In gevallen waarin deze verordening niet voorziet, beslist het college.

Artikel 5 Inwerkingtreding

Deze verordening treedt na bekendmaking in werking op het tijdstip waarop de “Wijziging van de Wet werk en bijstand en samenvoeging van die wet met de Wet investeren in jongeren gericht op bevordering van deelname aan de arbeidsmarkt en vergroting van de eigen verantwoordelijkheid van uitkeringsgerechtigden” in werking treedt en vervangt de Verordening Langdurigheidstoeslag Wet werk en bijstand gemeente Westervoort 2009.

Artikel 6 Citeertitel

Deze verordening kan aangehaald worden als : Verordening Langdurigheidstoeslag Wet werk en bijstand gemeente Westervoort.

Ondertekening

Aldus besloten in de vergadering van
de raad voornoemd d.d. 27 februari 2012,
de griffier,                                        de voorzitter,
mevr. drs. D.E. van der Kamp          mr. J.J.G.M. Geukers

Toelichting 1 verordening langdurigheidstoeslag

Algemeen

Op grond van artikel 8 lid 1 onder d en artikel 8 lid 2 onder b Wet werk en bijstand (WWB) dient de Raad bij verordening regels te stellen met betrekking tot het verlenen van langdurigheidstoeslag, zoals bedoeld in artikel 36 WWB. In de verordening dient in ieder geval de hoogte van de toeslag te worden geregeld, alsmede de invulling van de begrippen “langdurig” en “laag inkomen”.

Artikelsgewijze toelichting

Artikel 1

In de verordening hebben begrippen die niet nader worden gedefinieerd dezelfde betekenis als in de WWB. Andere begrippen worden wel van een definitie voorzien. Het begrip “inkomen” is gelijk aan het inkomensbegrip in artikel 32 WWB. Onder het inkomen in de zin van dit artikel is niet de uitkering ingevolge de WWB zelf begrepen.

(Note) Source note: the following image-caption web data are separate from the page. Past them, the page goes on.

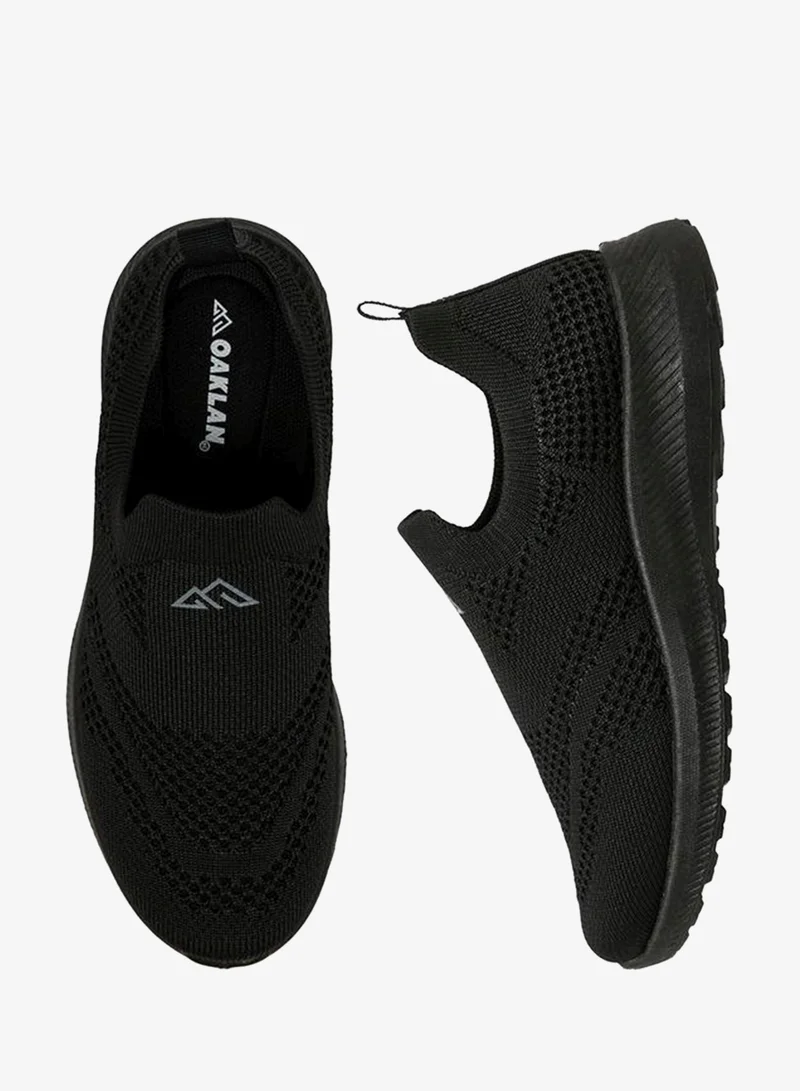 Oaklan by Shoexpress BLACK Boys Slip-On Sports Shoes for Men | Best Price UAE
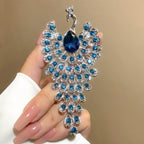 Ladies Peacock High end Fashion Brooch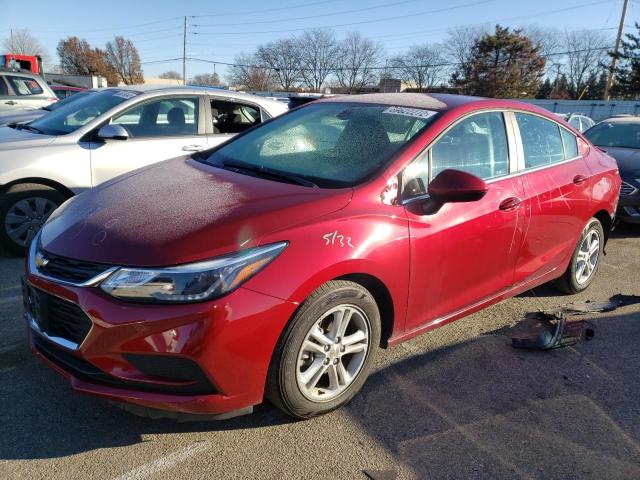 CHEVROLET CRUZE LT 2018 1g1be5sm5j7134818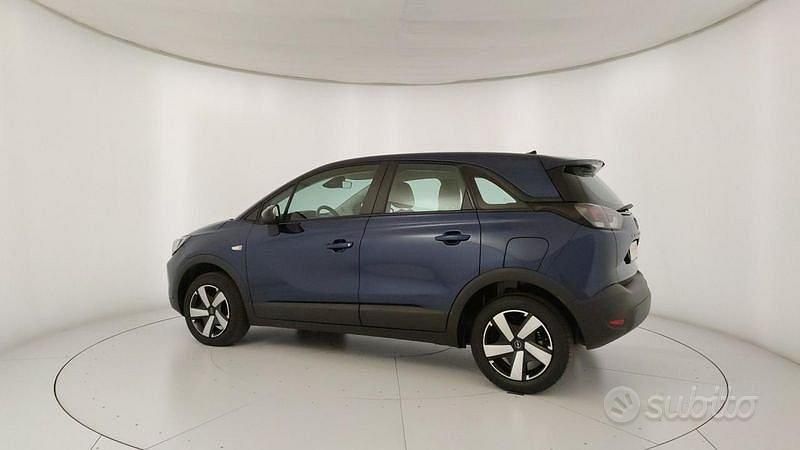 Usata Opel Crossland X 110 CV (80 kW) 2022 Blu SUV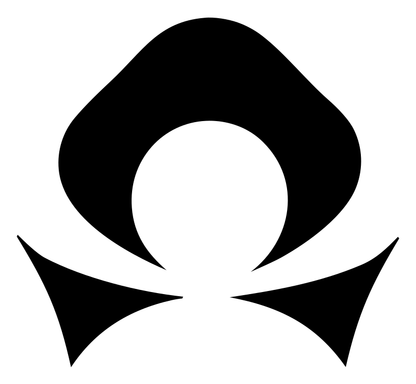 Pictogram Omega Wings Libra Mark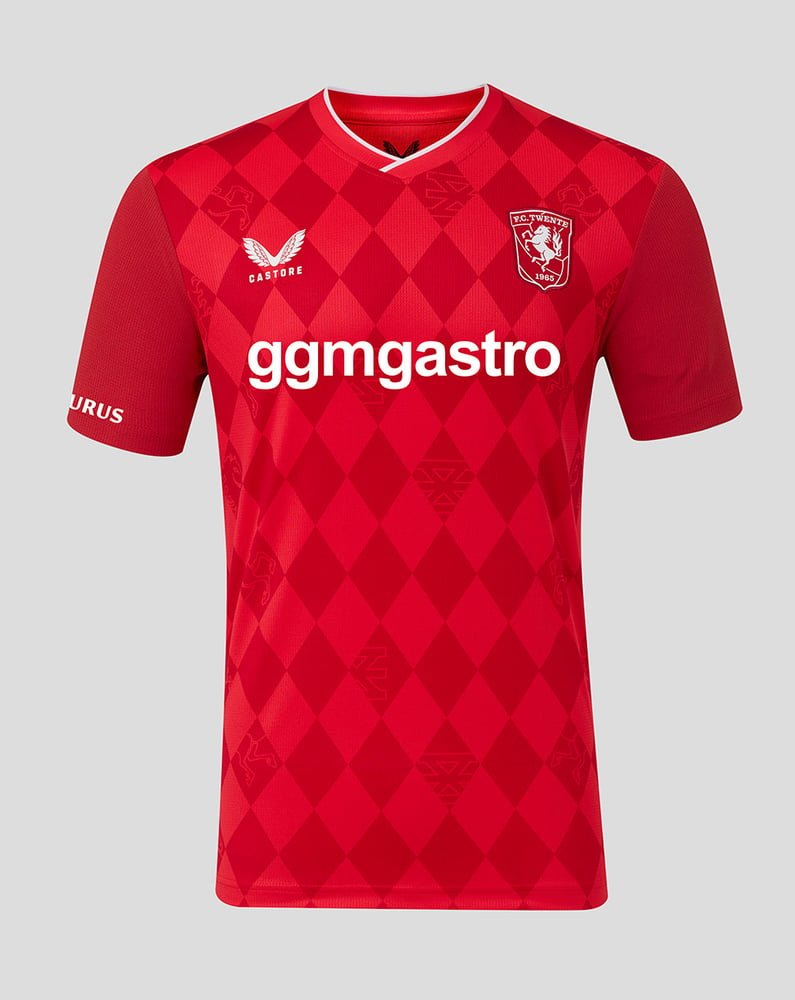 FC Twente 2025/26 Home Shirt - Fan Version
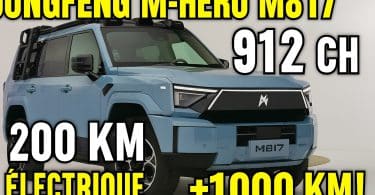 dongfeng m hero m817 youtube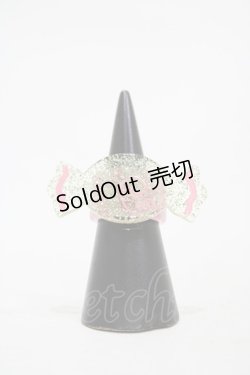 画像1: Angelic Pretty / Sweet Candyリング Free ピンク H-25-11-25-1010-AP-AC-NS-ZH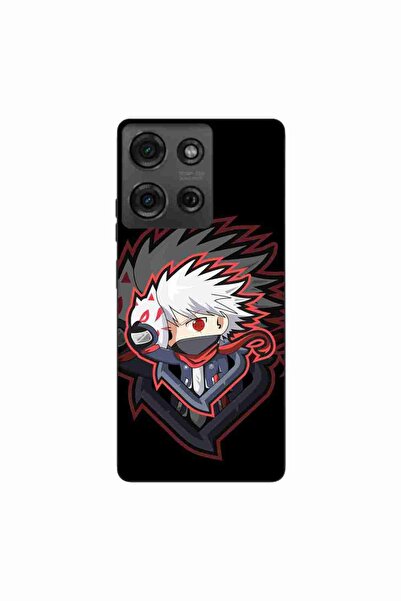 OEM Husa compatibila cu Motorola Moto G75 Silicon Gel Tpu Model Naruto Kakash...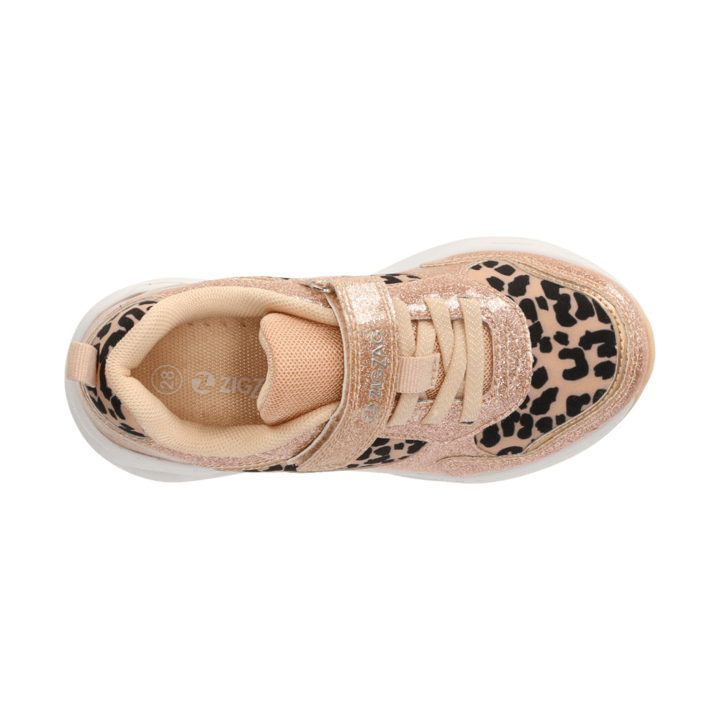 Blinkande Sneakers Certiny - Misty Rose ZIG ZAG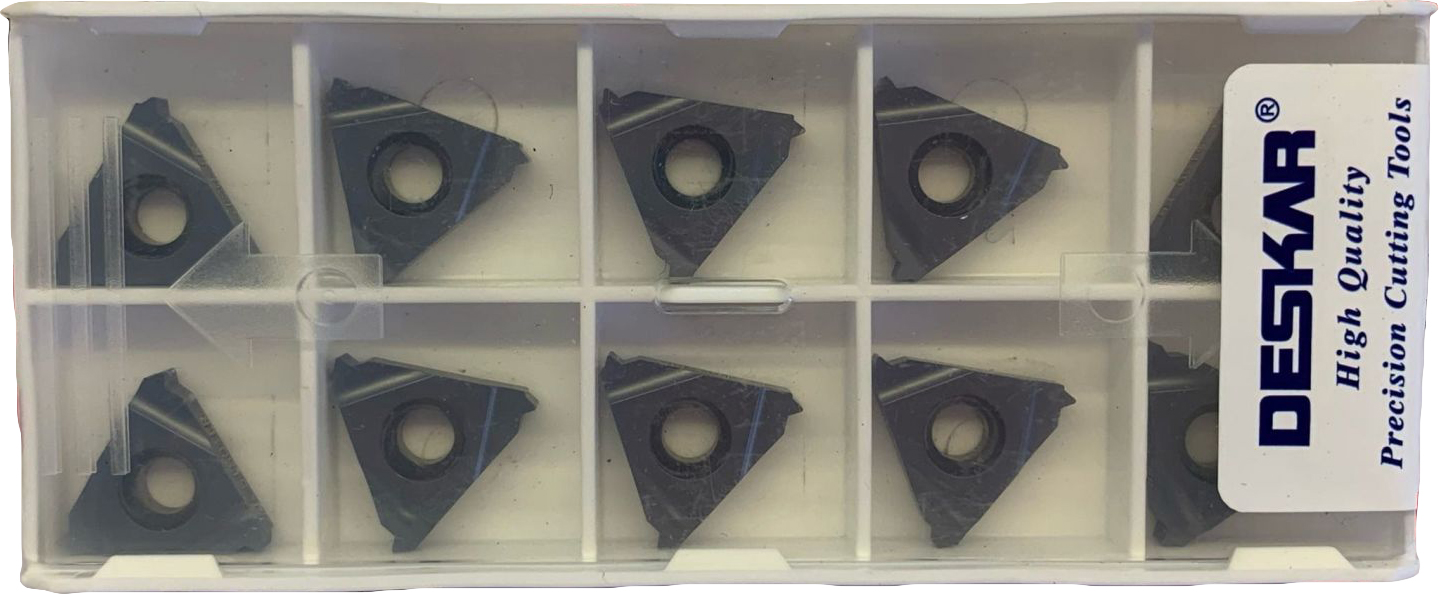 Фото 6: 16ER 1.5 ISO LDA пластина резьбовая DESKAR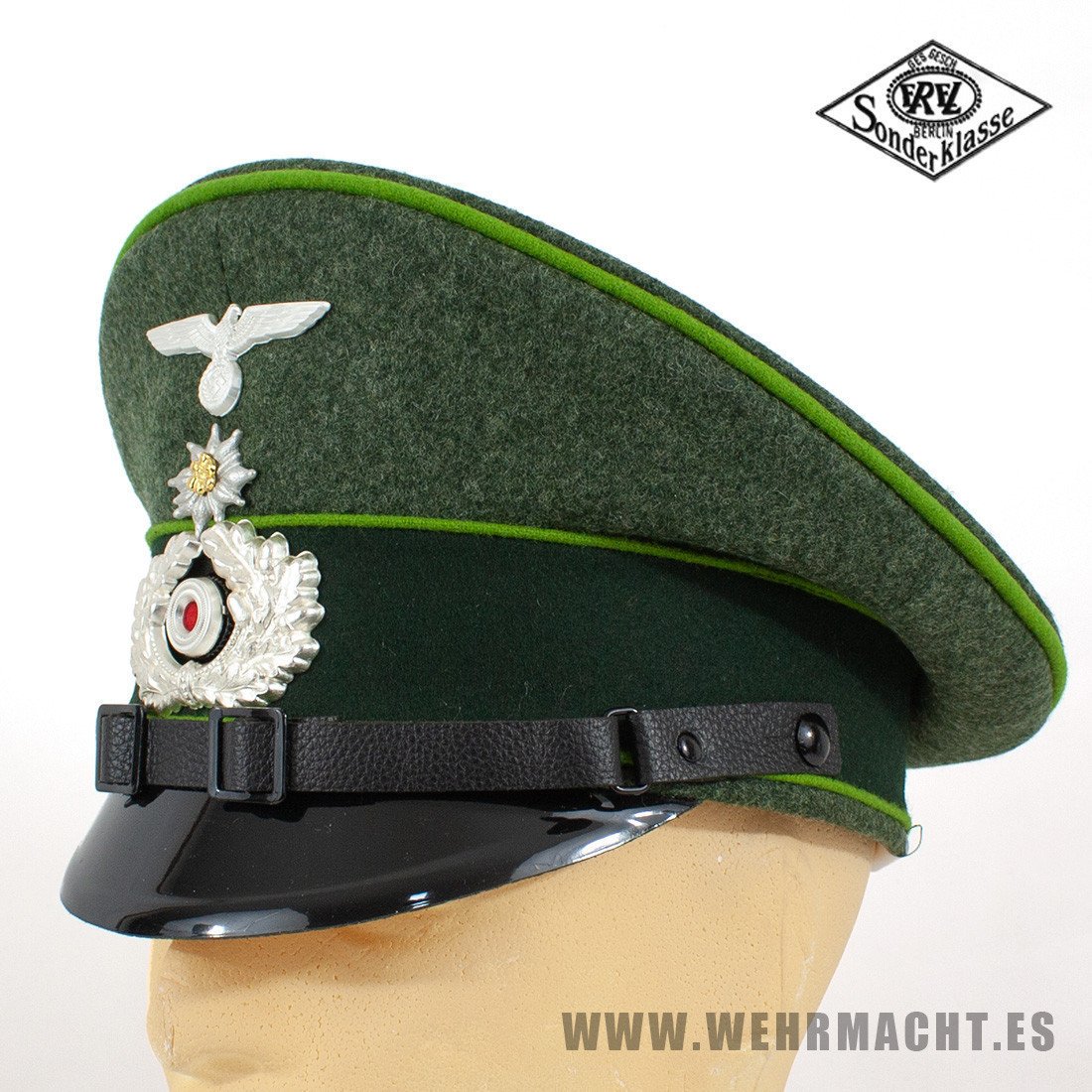 Gebirgsjager Visor Cap EREL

Het gaat in dit artikel immers om het vaststellen van het inkomen dat gekort moet worden c.q. vrijgelaten op de uitkering ingevolge de WWB. Om mensen met een uitkering ingevolge de WWB niet onbedoeld uit te sluiten van langdurigheidstoeslag, wordt een licht afwijkende definitie gehanteerd.

Artikel 2

In dit artikel wordt invulling gegeven aan de begrippen “langdurig” en “laag inkomen”. Een belanghebbende komt in aanmerking voor de langdurigheidstoeslag als hij gedurende 36 maanden een inkomen heeft dat niet hoger is dan 110% van de voor hem geldende bijstandsnorm en geen in aanmerking te nemen vermogen heeft als bedoeld in artikel 34 WWB.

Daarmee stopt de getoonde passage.